Meta also disclosed that Facebook’s daily active user base rose to 1.97 billion users. The figure was 1.96 billion three months ago. The increase defied expectations of analysts surveyed by FactSet who thought user numbers would fall.
The company posted a net profit of $6.7 billion for the second quarter, the third quarter in a row Meta’s bottom line has fallen. The company hasn’t experienced such a slump since the fourth quarter of 2012.
The weak advertising demand was reflected in Meta’s average price per ad, which fell 14% in the quarter. A year ago, the company reported an increase of 47%, year over year, for its average price per ad.
The company said it continued to face challenges in targeting ads as a result of changes made by Apple Inc. to the iPhone’s operating system. Chief Operating Officer Sheryl Sandberg, on her last earnings call before she departs Meta after 14 years, said the company is adapting its business to do better ad targeting—with less user data—with products such as click-to-message ads, which open a chat with a business whenever a user clicks on the ad.
Such ads are already a multibillion-dollar business growing at double digits, she said. “We are hugely optimistic about this area of our business, and I am very convinced it will work,” Ms. Sandberg said.
Chief Financial Officer
David Wehner
said the company, like others, is feeling the pinch from the strong dollar, which is weighing on the top line.
Meta’s shares have retreated since the company posted quarterly results in February that showed a sharper-than-expected decline in profit, gloomy revenue outlook and dip in daily users.
Meta’s stock closed more than 6% higher and fell more than 4% after hours following the results.
The company also said it expects its total expenses for 2022 to be between $85 billion and $88 billion, down from the company’s previous outlook of $87 billion to $92 billion.

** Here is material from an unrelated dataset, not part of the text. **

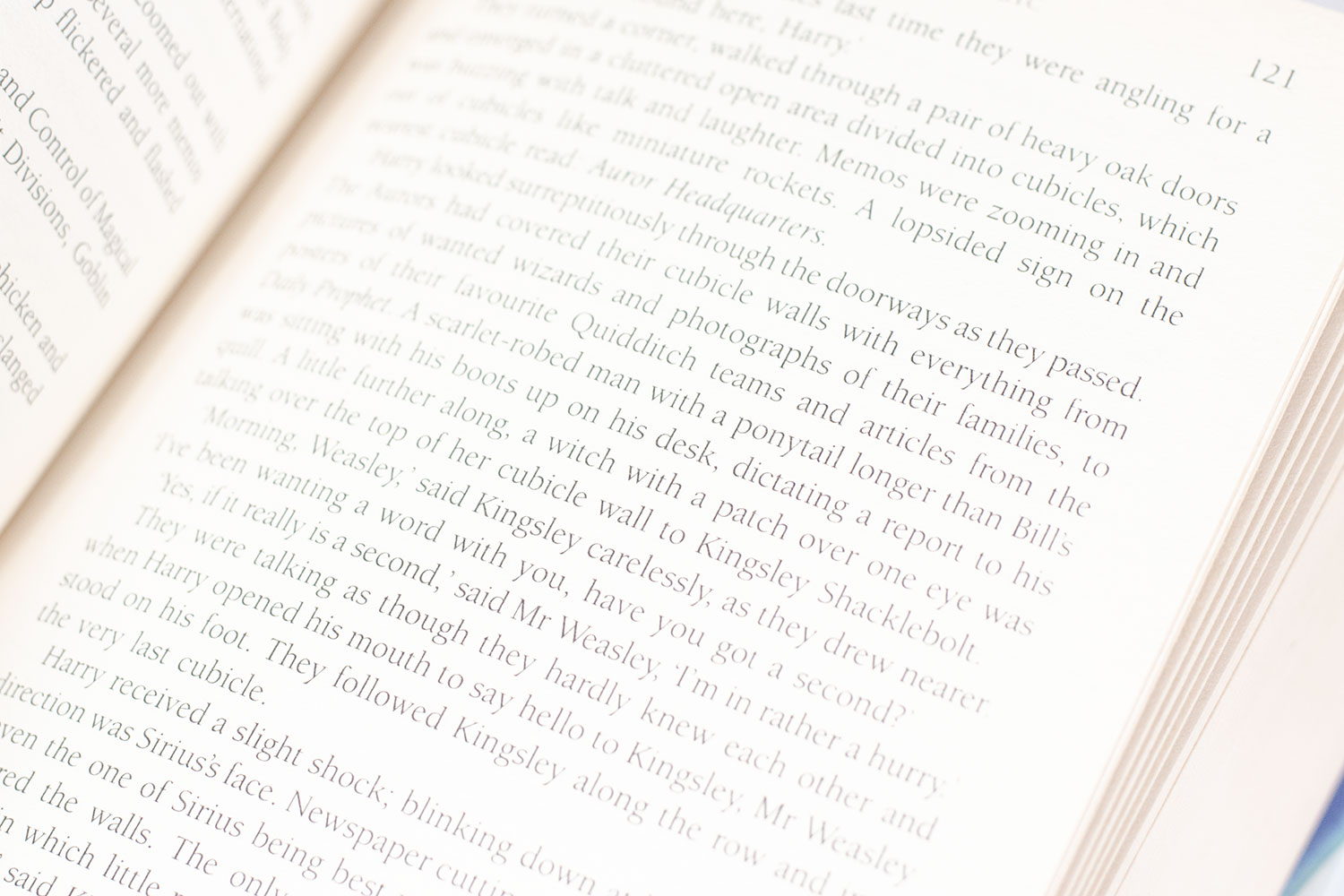 Harry Potter and the Order of the Phoenix.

The company attributed the lowered forecast to a reduction in hiring and overall expense-growth plans for the year.
Mr. Zuckerberg repeated that the company plans to slow the pace of long-term investments and steadily reduce head-count growth over the next year.
“This is a period that demands more intensity,” Mr. Zuckerberg said. “And I expect us to get more done with fewer resources.”
Meta is going through a period of transition. Mr. Zuckerberg in April said the company would change how users would see content, in a bid to boost engagement. The company would use artificial intelligence to recommend content to Facebook and Instagram users from around those social networks, rather than solely showing users content from accounts they already follow. The effort mimics one of the signature features of rival TikTok, which Mr. Zuckerberg in February said posed stiff competition for Meta.
Nearly one in six posts shown on Facebook and Instagram feeds are now coming from accounts that users don’t follow and are based on artificial intelligence recommendations, according to stats shared by Mr. Zuckerberg. That could rise to nearly one in every three posts shown to users coming from accounts they don’t follow by the end of 2023.
During the quarter, Meta saw a 30% increase in the time that users are engaging with Reels, the company’s answer to TikTok short-form videos, Mr. Zuckerberg said Wednesday.
Meta, however, doesn’t yet monetize Reels at the levels of some of its other features.
“In the near term, the faster that Reels grows, the more revenue that actually displaces from higher monetizing surfaces,” Mr. Zuckerberg said. “In theory, we could mitigate the short-term headwind by pushing less hard on growing Reels. But that would be worse for our products and business longer term.”
Mr. Zuckerberg added that Reels ads are on pace to generate $1 billion in annual revenue.
Earlier this year, Meta said it planned to slow the pace of some of its long-term investments and adjust hiring plans. In May, the company disclosed a sharp slowdown in hiring, and in June, the company’s head of engineering told his managers in an internal memo to identify and report low performers so they could force those employees out. Earlier this month, the company let go of 368 contractors, including several custodial staff, at its Menlo Park, Calif., headquarters.
The company on Tuesday also said it planned to raise the price of its Quest 2 virtual-reality headset by nearly 34% to $399.99, citing a rise in the costs to make and ship the products.
The company’s Reality Labs division, which includes VR hardware, posted revenue of $452 million. Analysts expected it to generate $431 million in quarterly sales.
Separately, the Federal Trade Commission said Wednesday it is seeking to block Meta from acquiring Within Unlimited Inc. and its virtual-reality dedicated fitness app, Supernatural. The deal, the FTC alleges, would lessen competition in the market and violate antitrust laws. Meta rejected the FTC’s position and said the purchase would be good for the development of the virtual-reality market.
The company also announced that come November, Mr. Wehner will transition into chief strategy officer, a new role at the company. Succeeding him as CFO will be
Susan Li,
Meta’s current vice president of finance. Mr. Wehner has served as Meta’s CFO since June 2014.